Pictures with short captions:
********
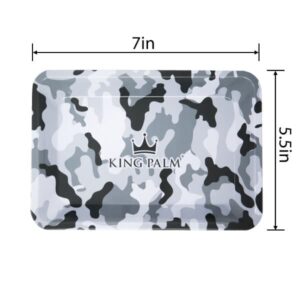 Metal Rolling Tray - Snow Camo - Small (7 x 5.5in)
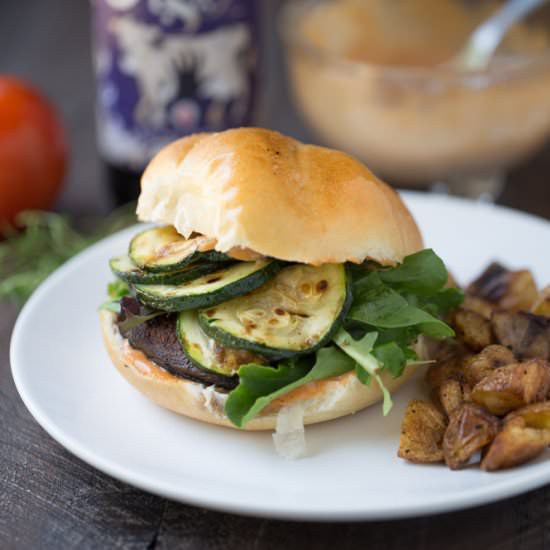 Blackened Portobello Burger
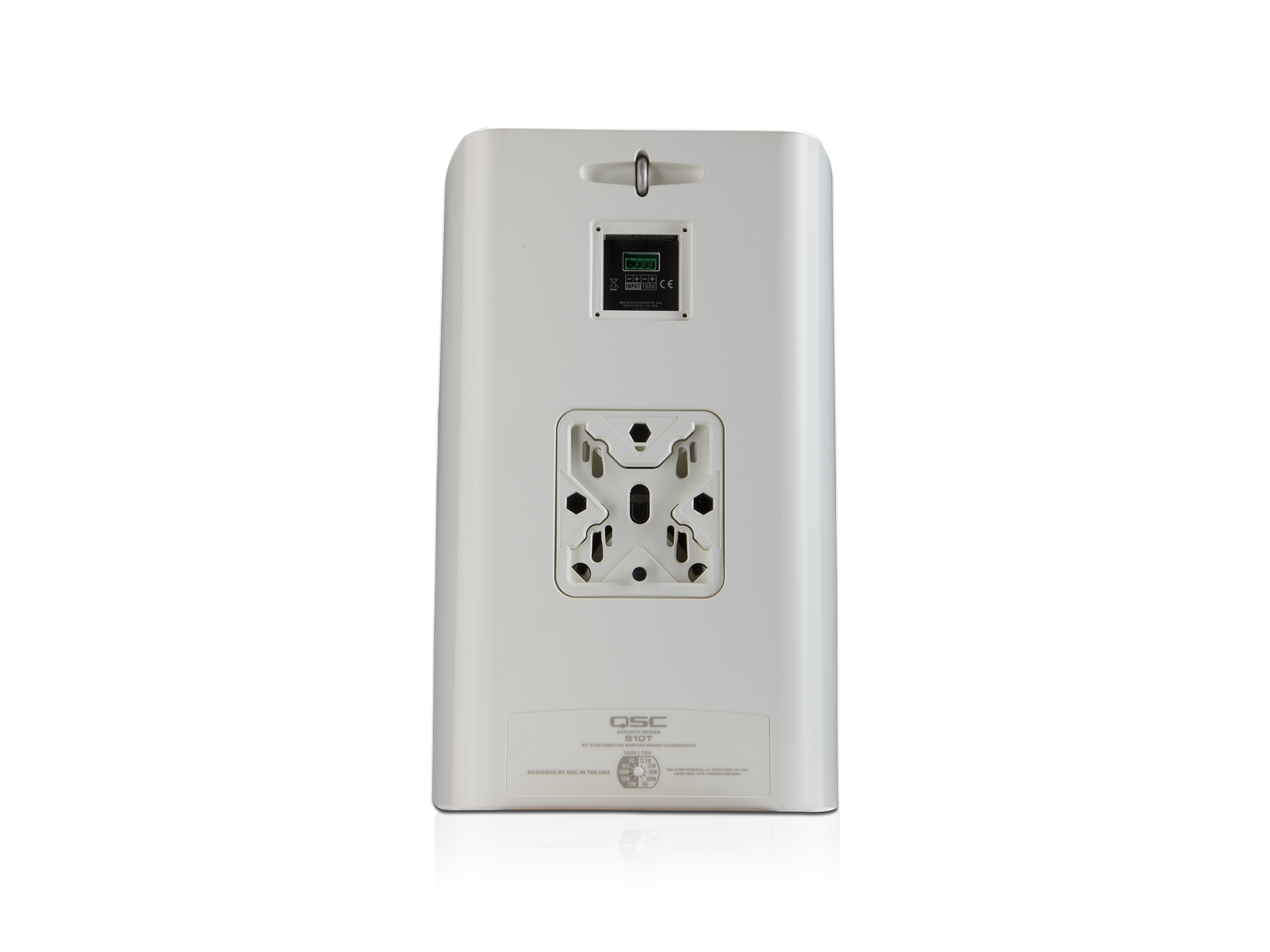 Rear Image of the White AD-S10T Loudspeaker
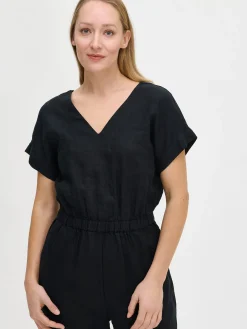 SAARI pellavahaalari - musta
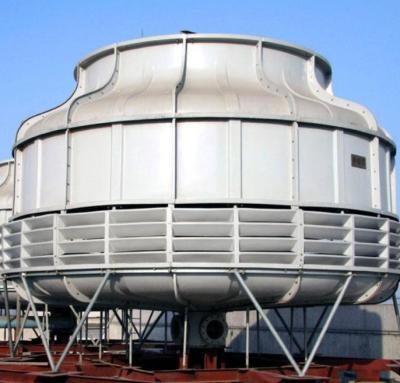 China Square / Round Counterflow GRP Frp Structure Cooling Tower Low  Maintenance Cooling Fast for sale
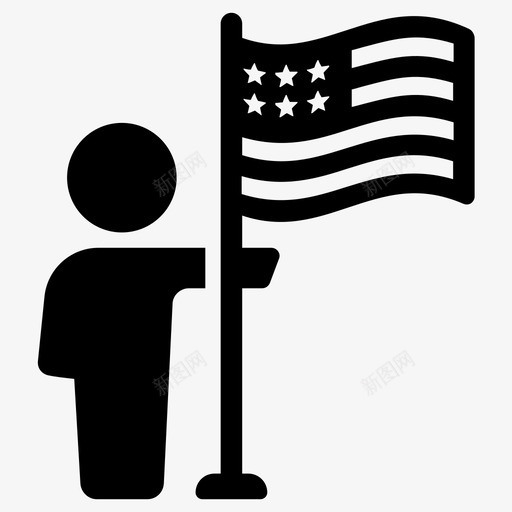 美国国旗美利坚合众国图标svg_新图网 https://ixintu.com 合众国 国旗 美利坚 美国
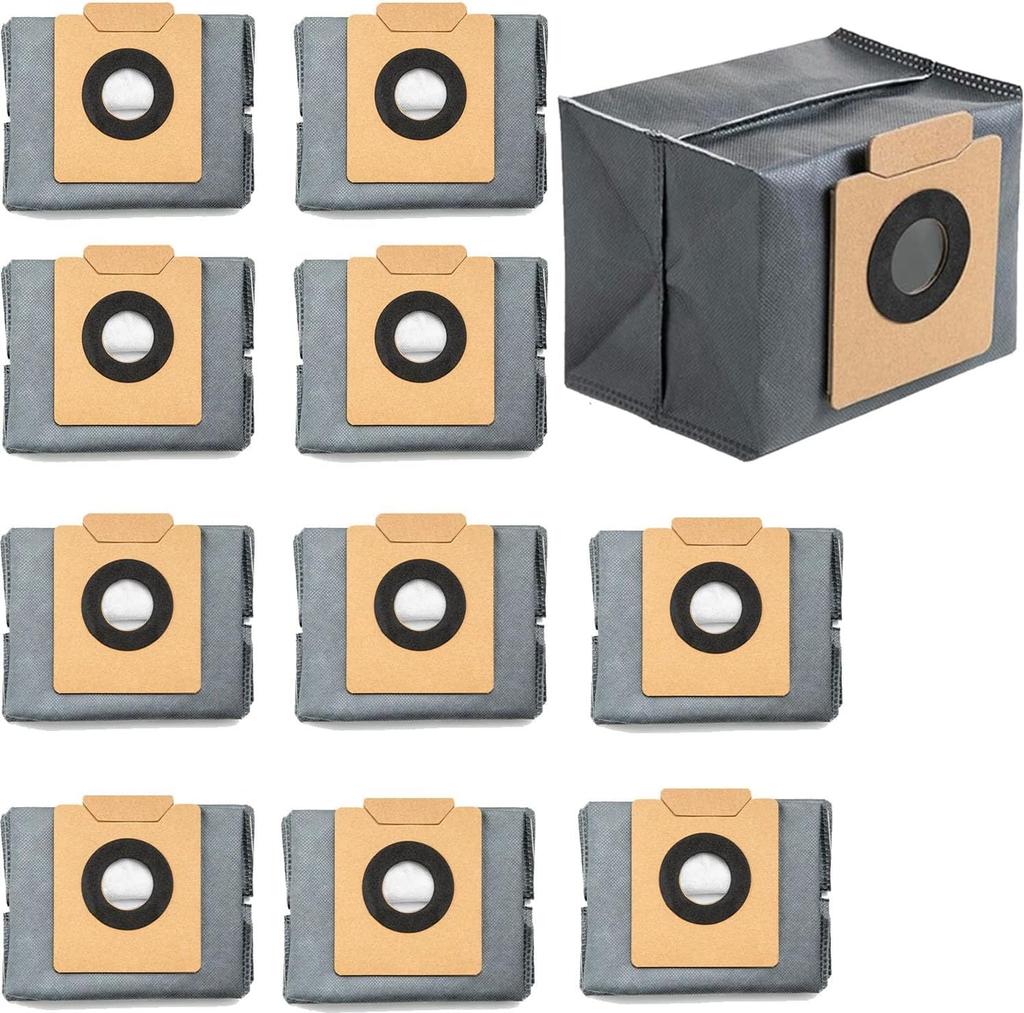 Replacement Dust Bags for NIICOLO Eufy X8 Pro / X10 Pro Omni Robot Vacuum Cleaner (10-Pack)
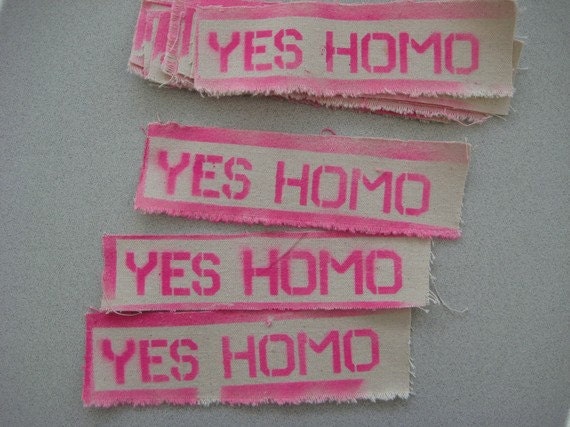 YES HOMO Patch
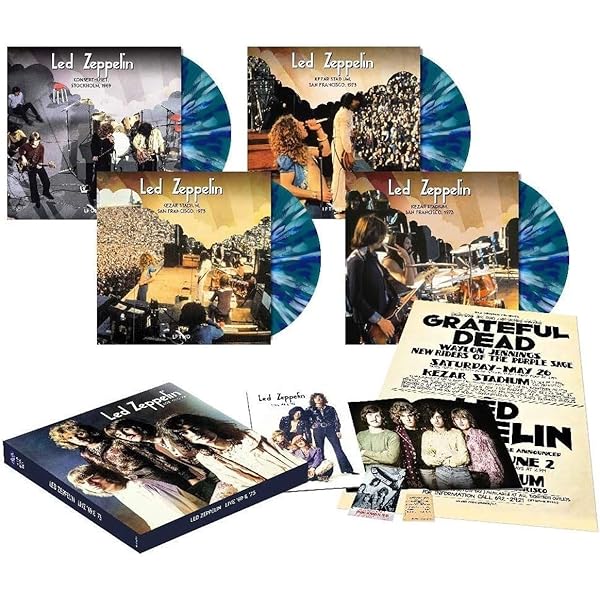 Amazon.com: Led Zeppelin Live in Dallas 1975. LP.: CDs & Vinyl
********
TO DO: Return exactly the lines from the one with "SAARI pellavahaalari - musta" through the last line of the entries above, both ends included. No pictures may appear in the copy.

FINISHED TASK:
 SAARI pellavahaalari - musta
 China Square / Round Counterflow GRP Frp Structure Cooling Tower Low  Maintenance Cooling Fast for sale
 美国国旗美利坚合众国图标svg_新图网 https://ixintu.com 合众国 国旗 美利坚 美国
 Replacement Dust Bags for NIICOLO Eufy X8 Pro / X10 Pro Omni Robot Vacuum Cleaner (10-Pack)
 YES HOMO Patch
 Amazon.com: Led Zeppelin Live in Dallas 1975. LP.: CDs & Vinyl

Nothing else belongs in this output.